Chief Inspector Armand Gamache and his wife Reine-Marie’s annual celebration of their wedding anniversary at Manoir Bellechasse is rudely disturbed by murder.
Bellechasse, that resplendent former home of Robber Barons, is a legendary log lodge located on a lake close to the Québécois village of Three Pines, home to the Gamaches’ artist friends Peter and Clara Morrow. The Gamaches’ fellow guests, all relatives of Peter and Clara, include the chilly Morrow matriarch, now Mrs. Finney; her oldest son Tom and his constantly carping wife; her lovely daughter Julia, who’s serving her financier husband with divorce papers in jail; and her ragtag daughter Marianna and her androgynous child Bean. As at all the best family reunions, the relatives, who rarely speak to each other, break their silence only to hurl words like knives. Their relations grow even chillier when Julia is crushed by a recently placed statue of her father and Gamache and his team call it murder.

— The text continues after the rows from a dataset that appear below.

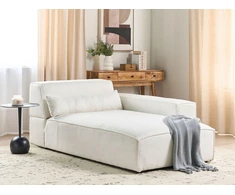 Sofa Beliani Kairysis gultas HELLNAR Boucle, kreminės baltos spalvos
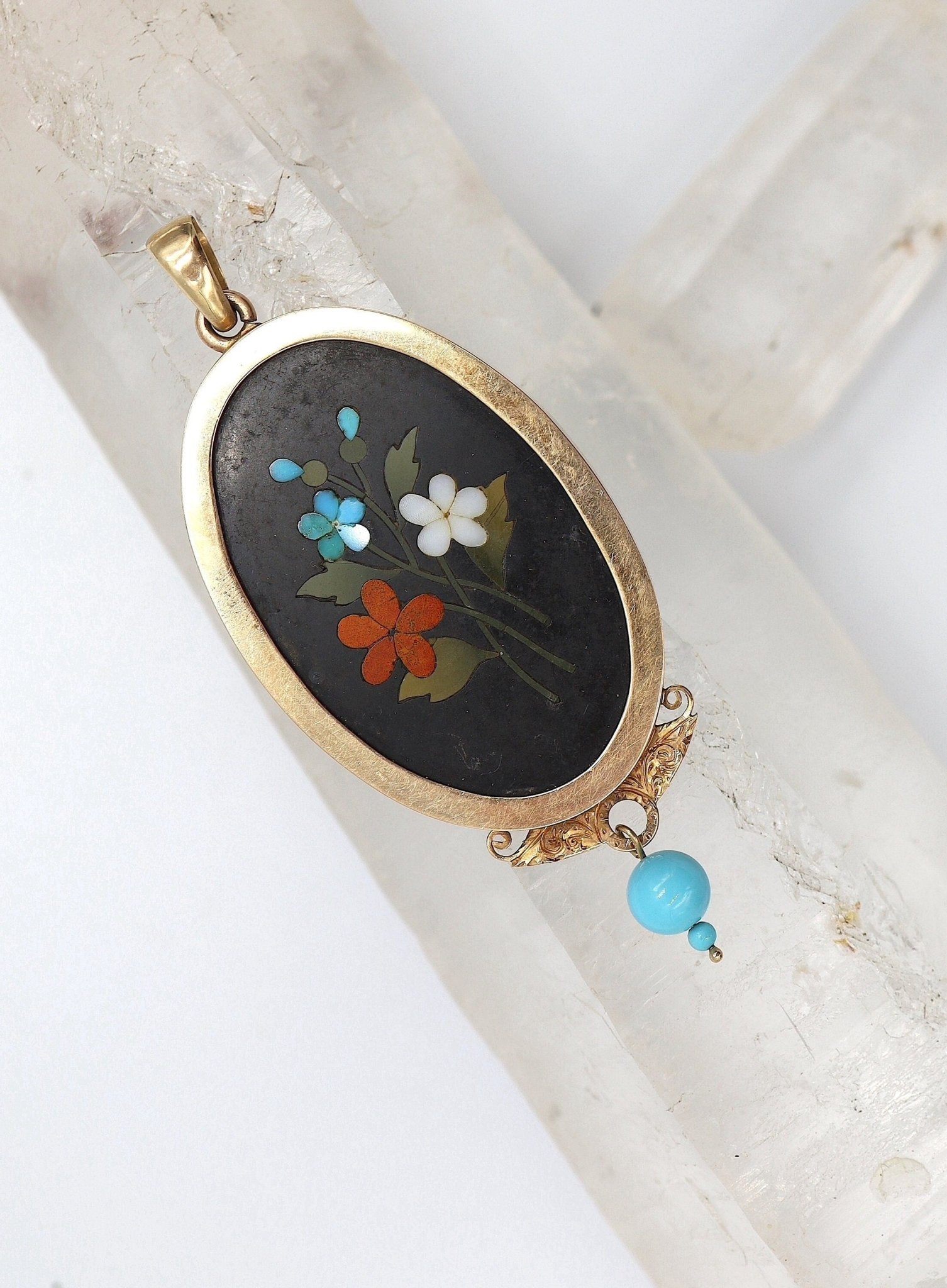 14k Rose Gold Victorian Pietra Dura Pendant - Petra Star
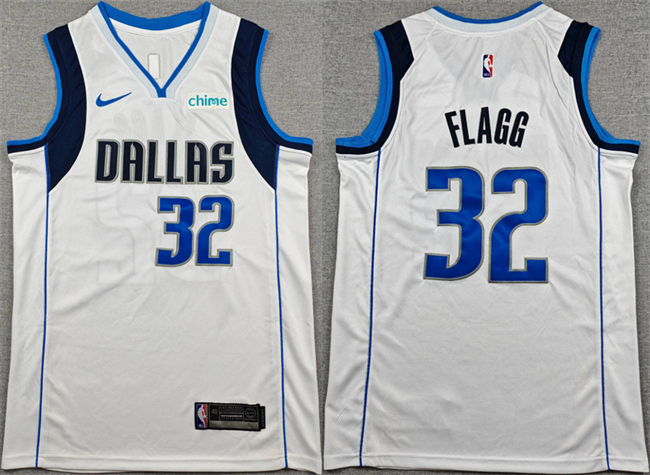Men's Dallas Mavericks #32 Cooper Flagg White 2025 Association Edition Stitched Basketball Jersey Men's Dallas Mavericks #32 Cooper Flagg White 2025 Association Edition Stitched Basketball Jersey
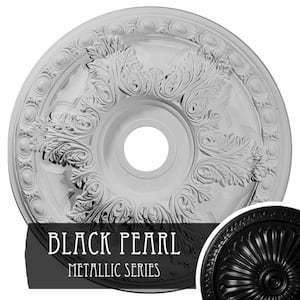 2-1/2 in. x 23-3/8 in. x 23-3/8 in. Polyurethane Granada Ceiling Medallion Moulding, Black Pearl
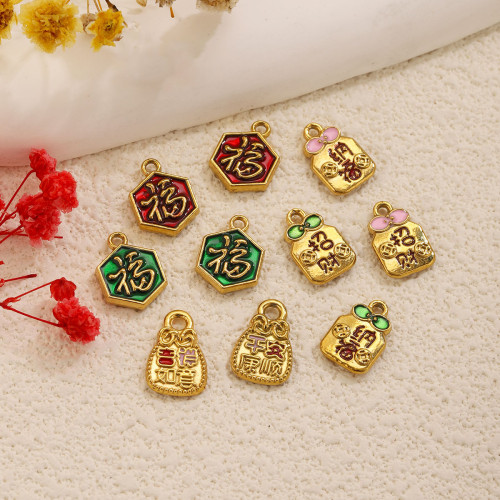 Lucky Bag Enamel Stainless Steel Pendant Charm, for DIY Bracelet & Necklace Making Wholesale Fashion Jewelry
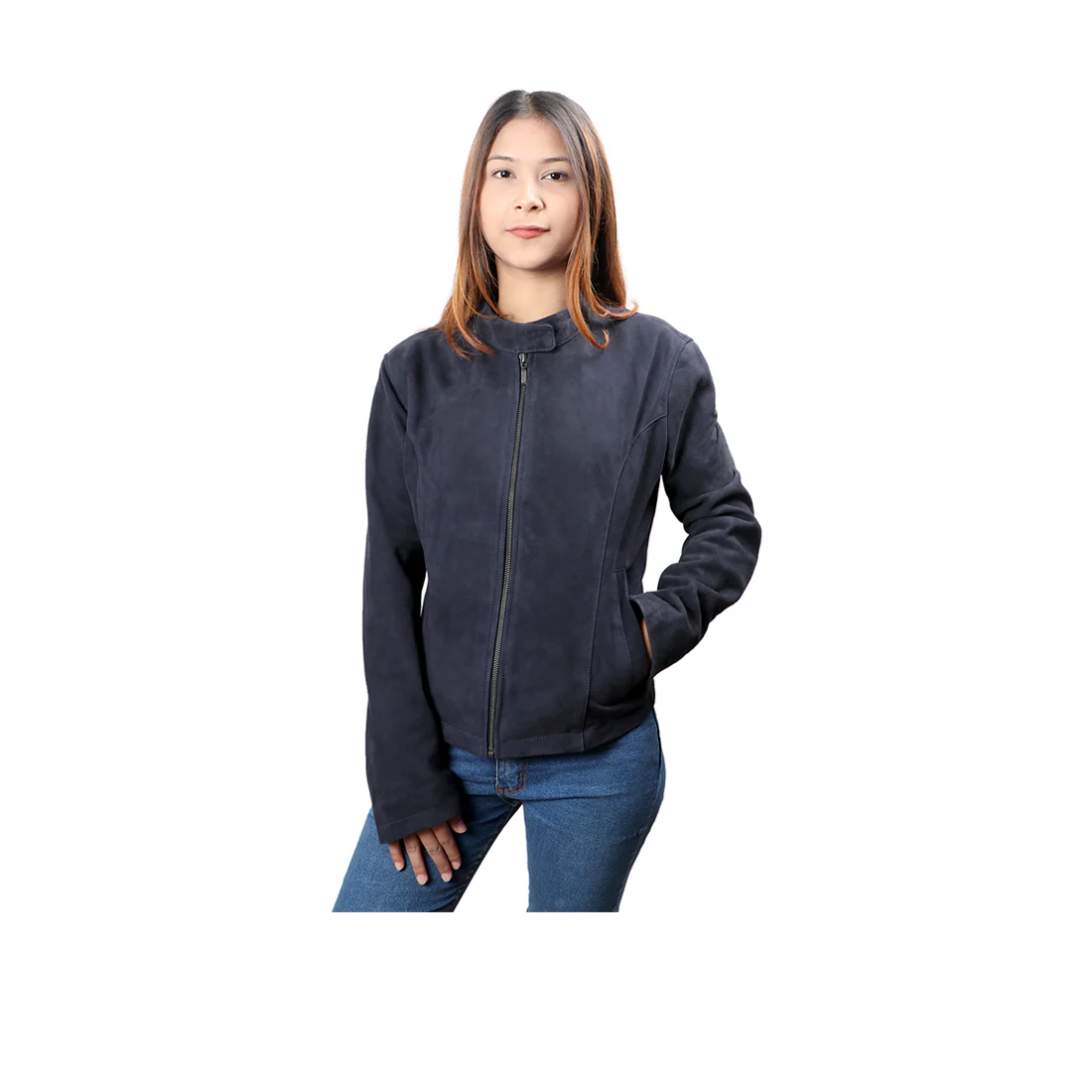 Lizzo Women's Blue Bomber Style Leather Jacket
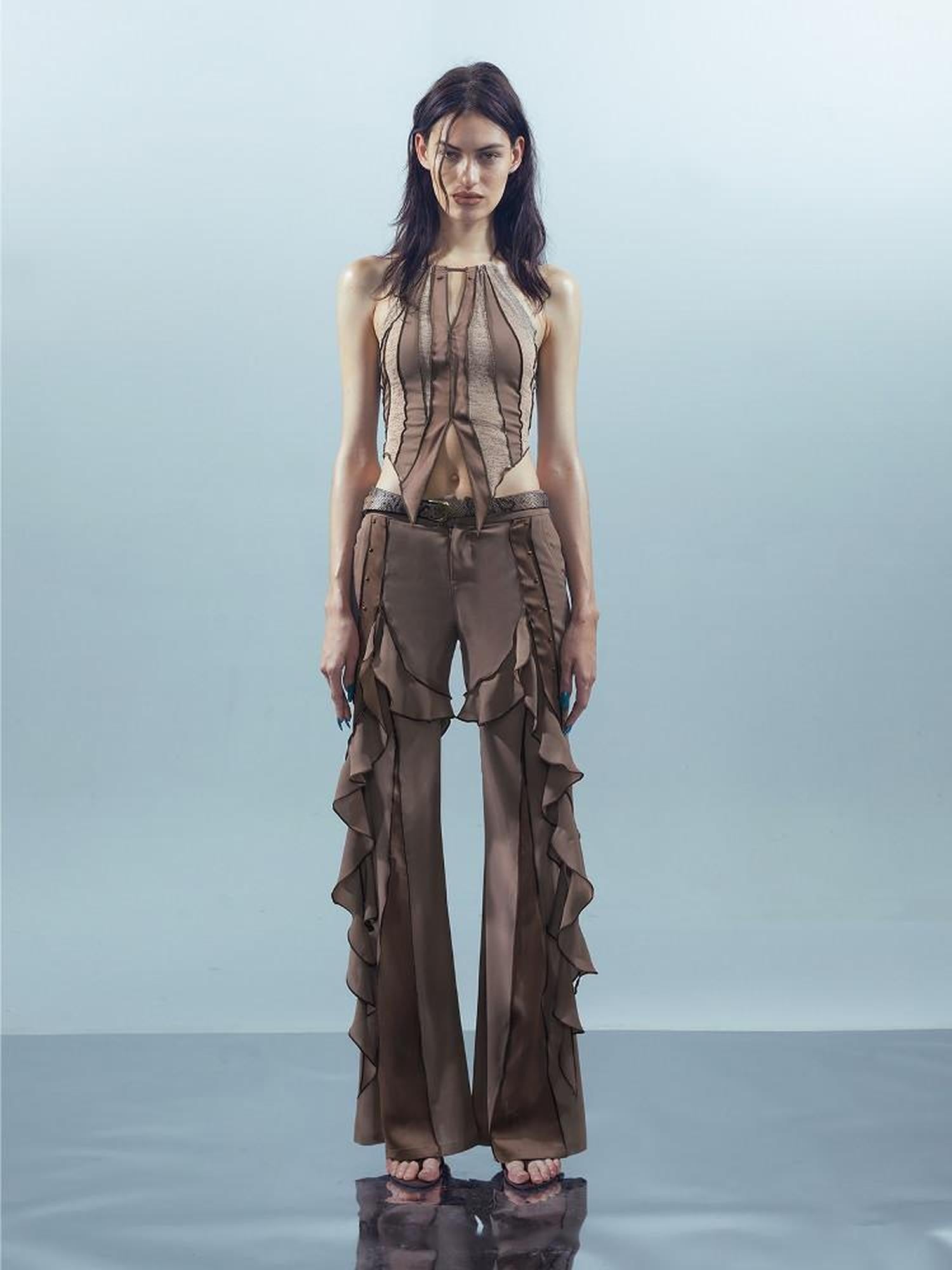 NORTH NODE Flowy Patchwork Studded Chiffon Women&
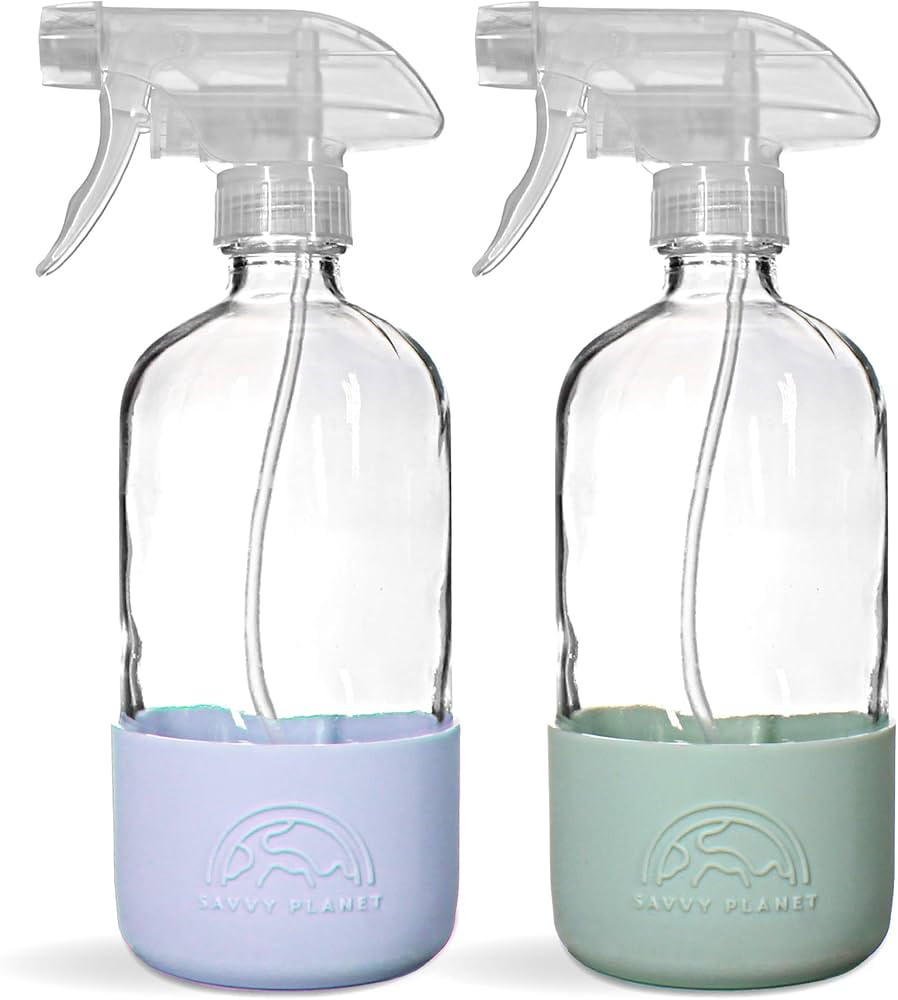 Glass Spray Bottles for Cleaning, Silicone Sleeve Bottom for Protection, Reusable Glass Spray Bot... | Amazon (US)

In a case reminiscent of classic Christie, sagacious, intuitive, patient Gamache finds the family and staff the only suspects, but they’re more than enough. Digging into the family’s background reveals many petty secrets, some nasty. Meantime, sated perhaps with attacks on each other, the Morrows turn on Gamache when they discover his father railed against World War II and became a conscientious objector.
This latest treat in the series (The Cruelest Month, 2008, etc.) will keep fans salivating in anticipation, savoring each delectable morsel and yearning for more.